Excerpt
taken from THE UFO CRASH/RETRIEVAL SYNDROME
Status Report II: New Sources, New Data
By Leonard H. Stringfield
Item
B-5
William
D. Leet of Texarkana, Arkansas, long-time respected
researcher, former Major, Air Force Pilot, WW II and
Korea, and co-author of To Rule The Sky, knowing
of my UFO crash/retrieval research, reached me by letter
in December 1978 to relate that he had a lead from Mr.

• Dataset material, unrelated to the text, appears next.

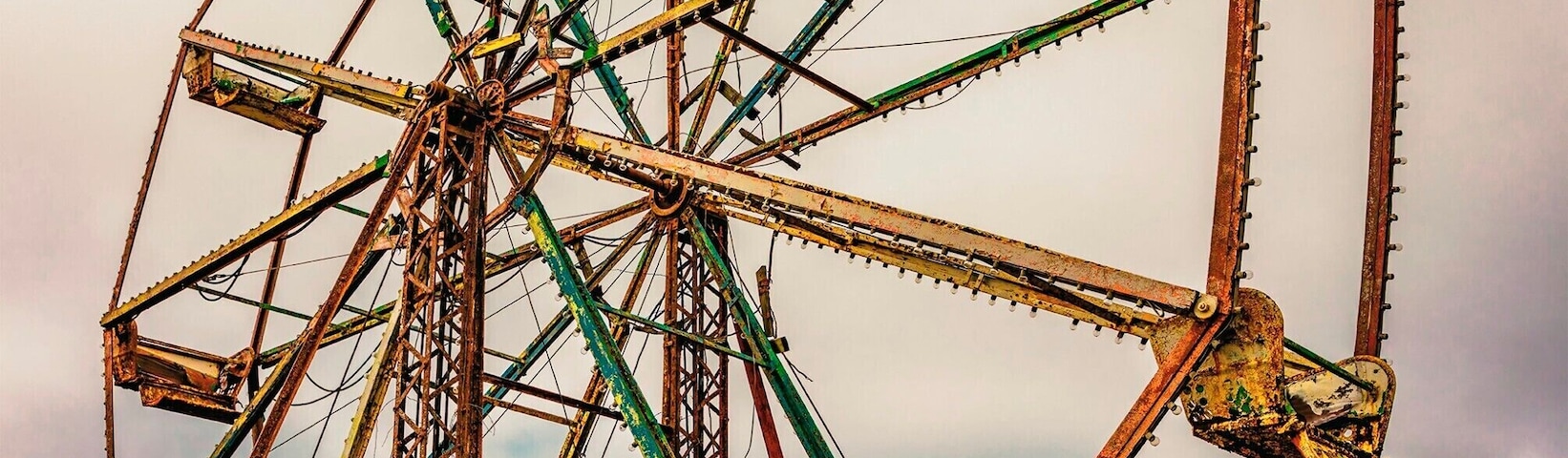 Every time I pass by this place I say I need to stop. The last time I did the gate was closed and locked, so I couldn't get inside, but this time the gate was open.
You can see it from the expressway. It used to be a gas station and fireworks store, but now it is just an empty lot with a couple old ferris wheels and other carnival equipment. It is very eerie and beautiful though, if you see it I'd stop and walk around a minute.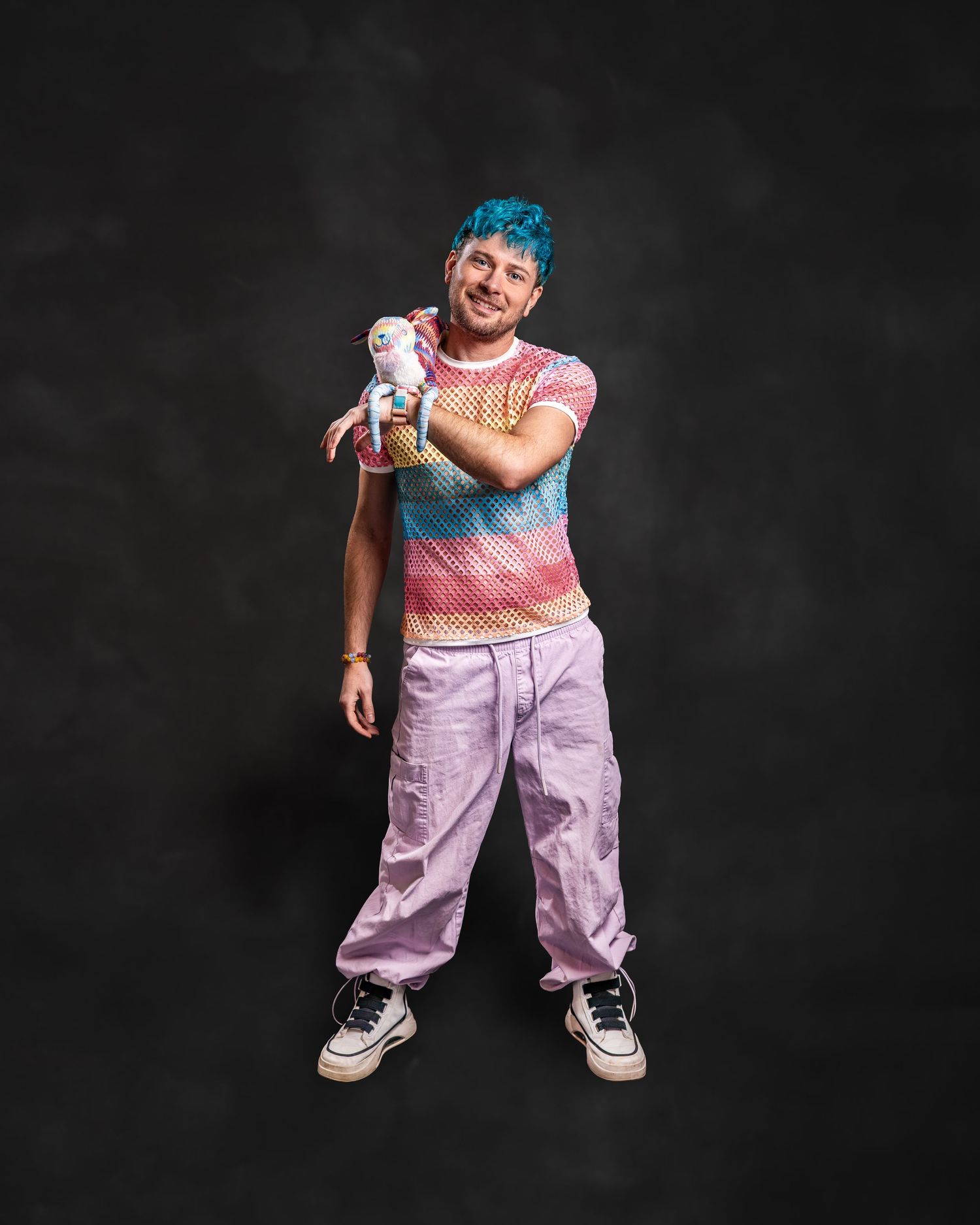 Person with teal hair wearing colorful striped crop top and lavender cargo pants holding a plush toy against dark background.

Lynn Ward, which concerned a relative who had seen a
captured flying saucer in a Navy hangar in 1950. The
witness was Durward "Buddy" Haak, CPO Radar
Observer, while stationed at a Naval Air Station in
Sunnyvale, California. In 1952, Buddy Haak was on an
ill-fated flight out of San Diego. His aircraft disappeared;
no trace of it ever found.
Buddy
Haak, according to testimony received from members of
his family, had accidentally entered a door of a large
hangar, temporarily unguarded, and saw a huge, round saucer-shaped
craft with a row of windows. A guard shut the door in
his face and ordered him to forget what he had seen, or
else. By June 1979, through the efforts of Bill Leet,
I had received written statements from two members of
the family who recalled the story, and managed to get
the phone number of Durward Haak's mother. On June 25,
1979, I called Mrs. Haak, who, requesting that her full
name and address be withheld, recalled her son's concern
about seeing the flying saucer. "It was certainly
no aircraft of ours," she remembers him saying. Although
other members of the family connect Buddy's strange disappearance
with his knowledge of the UFO, Mrs. Haak did not.